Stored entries
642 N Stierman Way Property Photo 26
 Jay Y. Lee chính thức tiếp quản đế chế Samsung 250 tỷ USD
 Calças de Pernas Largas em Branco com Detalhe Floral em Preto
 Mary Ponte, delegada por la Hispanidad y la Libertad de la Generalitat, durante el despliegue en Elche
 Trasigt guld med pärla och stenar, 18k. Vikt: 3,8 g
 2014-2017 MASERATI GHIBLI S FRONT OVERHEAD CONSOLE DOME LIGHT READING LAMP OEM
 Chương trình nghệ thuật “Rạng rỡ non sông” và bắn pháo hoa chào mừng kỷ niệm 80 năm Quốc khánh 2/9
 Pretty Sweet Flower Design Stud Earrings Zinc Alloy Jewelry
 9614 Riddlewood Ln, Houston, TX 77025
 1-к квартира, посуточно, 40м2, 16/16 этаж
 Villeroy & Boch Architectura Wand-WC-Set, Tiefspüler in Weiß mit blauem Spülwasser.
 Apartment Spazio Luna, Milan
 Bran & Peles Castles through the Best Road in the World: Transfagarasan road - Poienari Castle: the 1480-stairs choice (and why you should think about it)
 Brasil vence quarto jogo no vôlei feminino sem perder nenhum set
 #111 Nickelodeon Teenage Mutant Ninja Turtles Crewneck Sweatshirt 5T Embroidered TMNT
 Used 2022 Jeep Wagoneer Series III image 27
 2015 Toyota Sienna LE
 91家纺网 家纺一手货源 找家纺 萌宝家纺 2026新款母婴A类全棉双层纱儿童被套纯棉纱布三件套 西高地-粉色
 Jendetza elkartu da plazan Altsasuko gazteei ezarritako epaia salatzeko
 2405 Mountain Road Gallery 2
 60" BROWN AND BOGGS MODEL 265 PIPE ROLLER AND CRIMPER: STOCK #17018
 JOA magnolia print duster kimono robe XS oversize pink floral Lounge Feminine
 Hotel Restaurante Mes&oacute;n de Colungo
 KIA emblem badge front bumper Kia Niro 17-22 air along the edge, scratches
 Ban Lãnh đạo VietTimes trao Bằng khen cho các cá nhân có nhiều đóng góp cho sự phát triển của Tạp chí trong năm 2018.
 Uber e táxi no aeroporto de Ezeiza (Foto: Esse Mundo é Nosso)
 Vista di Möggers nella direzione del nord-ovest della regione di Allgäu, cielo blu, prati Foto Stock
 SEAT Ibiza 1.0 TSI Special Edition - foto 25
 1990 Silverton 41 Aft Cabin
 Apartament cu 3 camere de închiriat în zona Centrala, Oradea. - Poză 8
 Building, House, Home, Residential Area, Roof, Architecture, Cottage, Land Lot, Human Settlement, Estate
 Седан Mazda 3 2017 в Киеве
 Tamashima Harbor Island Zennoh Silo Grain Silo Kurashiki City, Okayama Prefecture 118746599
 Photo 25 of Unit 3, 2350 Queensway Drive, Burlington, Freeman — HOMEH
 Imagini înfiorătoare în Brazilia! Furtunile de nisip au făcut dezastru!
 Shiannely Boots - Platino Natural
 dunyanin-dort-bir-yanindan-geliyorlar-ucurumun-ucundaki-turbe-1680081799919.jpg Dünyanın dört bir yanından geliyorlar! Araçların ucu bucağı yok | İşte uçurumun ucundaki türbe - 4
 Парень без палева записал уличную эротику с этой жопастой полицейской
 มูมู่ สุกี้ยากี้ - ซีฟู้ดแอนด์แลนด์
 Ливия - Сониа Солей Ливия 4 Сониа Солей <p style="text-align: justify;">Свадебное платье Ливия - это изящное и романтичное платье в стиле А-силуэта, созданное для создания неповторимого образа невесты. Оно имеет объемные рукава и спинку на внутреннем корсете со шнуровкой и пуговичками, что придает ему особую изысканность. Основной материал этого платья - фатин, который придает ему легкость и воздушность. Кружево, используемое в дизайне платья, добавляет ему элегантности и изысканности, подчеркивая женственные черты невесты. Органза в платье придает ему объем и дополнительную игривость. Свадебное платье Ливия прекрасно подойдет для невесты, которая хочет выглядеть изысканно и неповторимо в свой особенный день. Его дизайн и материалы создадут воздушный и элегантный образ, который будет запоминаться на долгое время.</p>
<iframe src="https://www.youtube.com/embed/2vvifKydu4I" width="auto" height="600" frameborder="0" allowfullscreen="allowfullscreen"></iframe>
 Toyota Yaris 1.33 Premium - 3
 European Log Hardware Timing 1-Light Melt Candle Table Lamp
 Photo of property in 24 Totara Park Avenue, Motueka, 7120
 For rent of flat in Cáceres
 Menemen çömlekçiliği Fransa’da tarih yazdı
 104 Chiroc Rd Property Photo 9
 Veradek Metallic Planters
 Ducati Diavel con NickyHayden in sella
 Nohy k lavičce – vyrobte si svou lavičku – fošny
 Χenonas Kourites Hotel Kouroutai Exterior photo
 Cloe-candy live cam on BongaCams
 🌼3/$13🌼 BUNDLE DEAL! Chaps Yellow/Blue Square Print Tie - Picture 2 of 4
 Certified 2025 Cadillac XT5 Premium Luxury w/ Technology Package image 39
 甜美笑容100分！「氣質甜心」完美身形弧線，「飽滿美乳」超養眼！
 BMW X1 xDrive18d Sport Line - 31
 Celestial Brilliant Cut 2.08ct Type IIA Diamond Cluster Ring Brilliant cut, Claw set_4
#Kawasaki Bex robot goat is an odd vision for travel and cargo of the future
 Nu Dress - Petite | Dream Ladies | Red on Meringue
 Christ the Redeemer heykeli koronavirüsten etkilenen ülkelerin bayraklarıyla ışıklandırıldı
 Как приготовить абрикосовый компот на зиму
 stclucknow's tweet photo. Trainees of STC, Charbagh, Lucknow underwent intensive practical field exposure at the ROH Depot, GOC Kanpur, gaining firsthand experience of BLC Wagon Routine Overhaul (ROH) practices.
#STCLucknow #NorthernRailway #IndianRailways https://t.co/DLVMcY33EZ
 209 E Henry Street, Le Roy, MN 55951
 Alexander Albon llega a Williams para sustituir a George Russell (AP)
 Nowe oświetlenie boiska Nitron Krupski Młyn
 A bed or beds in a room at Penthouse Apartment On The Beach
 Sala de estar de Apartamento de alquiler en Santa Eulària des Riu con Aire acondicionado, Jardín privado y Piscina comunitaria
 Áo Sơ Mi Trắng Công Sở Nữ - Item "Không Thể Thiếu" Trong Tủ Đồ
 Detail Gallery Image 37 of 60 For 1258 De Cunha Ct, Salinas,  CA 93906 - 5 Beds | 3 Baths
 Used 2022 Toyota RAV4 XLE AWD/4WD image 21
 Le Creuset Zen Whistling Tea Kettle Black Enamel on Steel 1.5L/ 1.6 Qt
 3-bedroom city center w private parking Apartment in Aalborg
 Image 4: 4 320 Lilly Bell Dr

● **Task to complete**
Repeat all the data, every line exactly.

● **Output for this exercise**
642 N Stierman Way Property Photo 26
 Jay Y. Lee chính thức tiếp quản đế chế Samsung 250 tỷ USD
 Calças de Pernas Largas em Branco com Detalhe Floral em Preto
 Mary Ponte, delegada por la Hispanidad y la Libertad de la Generalitat, durante el despliegue en Elche
 Trasigt guld med pärla och stenar, 18k. Vikt: 3,8 g
 2014-2017 MASERATI GHIBLI S FRONT OVERHEAD CONSOLE DOME LIGHT READING LAMP OEM
 Chương trình nghệ thuật “Rạng rỡ non sông” và bắn pháo hoa chào mừng kỷ niệm 80 năm Quốc khánh 2/9
 Pretty Sweet Flower Design Stud Earrings Zinc Alloy Jewelry
 9614 Riddlewood Ln, Houston, TX 77025
 1-к квартира, посуточно, 40м2, 16/16 этаж
 Villeroy & Boch Architectura Wand-WC-Set, Tiefspüler in Weiß mit blauem Spülwasser.
 Apartment Spazio Luna, Milan
 Bran & Peles Castles through the Best Road in the World: Transfagarasan road - Poienari Castle: the 1480-stairs choice (and why you should think about it)
 Brasil vence quarto jogo no vôlei feminino sem perder nenhum set
 #111 Nickelodeon Teenage Mutant Ninja Turtles Crewneck Sweatshirt 5T Embroidered TMNT
 Used 2022 Jeep Wagoneer Series III image 27
 2015 Toyota Sienna LE
 91家纺网 家纺一手货源 找家纺 萌宝家纺 2026新款母婴A类全棉双层纱儿童被套纯棉纱布三件套 西高地-粉色
 Jendetza elkartu da plazan Altsasuko gazteei ezarritako epaia salatzeko
 2405 Mountain Road Gallery 2
 60" BROWN AND BOGGS MODEL 265 PIPE ROLLER AND CRIMPER: STOCK #17018
 JOA magnolia print duster kimono robe XS oversize pink floral Lounge Feminine
 Hotel Restaurante Mes&oacute;n de Colungo
 KIA emblem badge front bumper Kia Niro 17-22 air along the edge, scratches
 Ban Lãnh đạo VietTimes trao Bằng khen cho các cá nhân có nhiều đóng góp cho sự phát triển của Tạp chí trong năm 2018.
 Uber e táxi no aeroporto de Ezeiza (Foto: Esse Mundo é Nosso)
 Vista di Möggers nella direzione del nord-ovest della regione di Allgäu, cielo blu, prati Foto Stock
 SEAT Ibiza 1.0 TSI Special Edition - foto 25
 1990 Silverton 41 Aft Cabin
 Apartament cu 3 camere de închiriat în zona Centrala, Oradea. - Poză 8
 Building, House, Home, Residential Area, Roof, Architecture, Cottage, Land Lot, Human Settlement, Estate
 Седан Mazda 3 2017 в Киеве
 Tamashima Harbor Island Zennoh Silo Grain Silo Kurashiki City, Okayama Prefecture 118746599
 Photo 25 of Unit 3, 2350 Queensway Drive, Burlington, Freeman — HOMEH
 Imagini înfiorătoare în Brazilia! Furtunile de nisip au făcut dezastru!
 Shiannely Boots - Platino Natural
 dunyanin-dort-bir-yanindan-geliyorlar-ucurumun-ucundaki-turbe-1680081799919.jpg Dünyanın dört bir yanından geliyorlar! Araçların ucu bucağı yok | İşte uçurumun ucundaki türbe - 4
 Парень без палева записал уличную эротику с этой жопастой полицейской
 มูมู่ สุกี้ยากี้ - ซีฟู้ดแอนด์แลนด์
 Ливия - Сониа Солей Ливия 4 Сониа Солей <p style="text-align: justify;">Свадебное платье Ливия - это изящное и романтичное платье в стиле А-силуэта, созданное для создания неповторимого образа невесты. Оно имеет объемные рукава и спинку на внутреннем корсете со шнуровкой и пуговичками, что придает ему особую изысканность. Основной материал этого платья - фатин, который придает ему легкость и воздушность. Кружево, используемое в дизайне платья, добавляет ему элегантности и изысканности, подчеркивая женственные черты невесты. Органза в платье придает ему объем и дополнительную игривость. Свадебное платье Ливия прекрасно подойдет для невесты, которая хочет выглядеть изысканно и неповторимо в свой особенный день. Его дизайн и материалы создадут воздушный и элегантный образ, который будет запоминаться на долгое время.</p>
<iframe src="https://www.youtube.com/embed/2vvifKydu4I" width="auto" height="600" frameborder="0" allowfullscreen="allowfullscreen"></iframe>
 Toyota Yaris 1.33 Premium - 3
 European Log Hardware Timing 1-Light Melt Candle Table Lamp
 Photo of property in 24 Totara Park Avenue, Motueka, 7120
 For rent of flat in Cáceres
 Menemen çömlekçiliği Fransa’da tarih yazdı
 104 Chiroc Rd Property Photo 9
 Veradek Metallic Planters
 Ducati Diavel con NickyHayden in sella
 Nohy k lavičce – vyrobte si svou lavičku – fošny
 Χenonas Kourites Hotel Kouroutai Exterior photo
 Cloe-candy live cam on BongaCams
 🌼3/$13🌼 BUNDLE DEAL! Chaps Yellow/Blue Square Print Tie - Picture 2 of 4
 Certified 2025 Cadillac XT5 Premium Luxury w/ Technology Package image 39
 甜美笑容100分！「氣質甜心」完美身形弧線，「飽滿美乳」超養眼！
 BMW X1 xDrive18d Sport Line - 31
 Celestial Brilliant Cut 2.08ct Type IIA Diamond Cluster Ring Brilliant cut, Claw set_4
#Kawasaki Bex robot goat is an odd vision for travel and cargo of the future
 Nu Dress - Petite | Dream Ladies | Red on Meringue
 Christ the Redeemer heykeli koronavirüsten etkilenen ülkelerin bayraklarıyla ışıklandırıldı
 Как приготовить абрикосовый компот на зиму
 stclucknow's tweet photo. Trainees of STC, Charbagh, Lucknow underwent intensive practical field exposure at the ROH Depot, GOC Kanpur, gaining firsthand experience of BLC Wagon Routine Overhaul (ROH) practices.
#STCLucknow #NorthernRailway #IndianRailways https://t.co/DLVMcY33EZ
 209 E Henry Street, Le Roy, MN 55951
 Alexander Albon llega a Williams para sustituir a George Russell (AP)
 Nowe oświetlenie boiska Nitron Krupski Młyn
 A bed or beds in a room at Penthouse Apartment On The Beach
 Sala de estar de Apartamento de alquiler en Santa Eulària des Riu con Aire acondicionado, Jardín privado y Piscina comunitaria
 Áo Sơ Mi Trắng Công Sở Nữ - Item "Không Thể Thiếu" Trong Tủ Đồ
 Detail Gallery Image 37 of 60 For 1258 De Cunha Ct, Salinas,  CA 93906 - 5 Beds | 3 Baths
 Used 2022 Toyota RAV4 XLE AWD/4WD image 21
 Le Creuset Zen Whistling Tea Kettle Black Enamel on Steel 1.5L/ 1.6 Qt
 3-bedroom city center w private parking Apartment in Aalborg
 Image 4: 4 320 Lilly Bell Dr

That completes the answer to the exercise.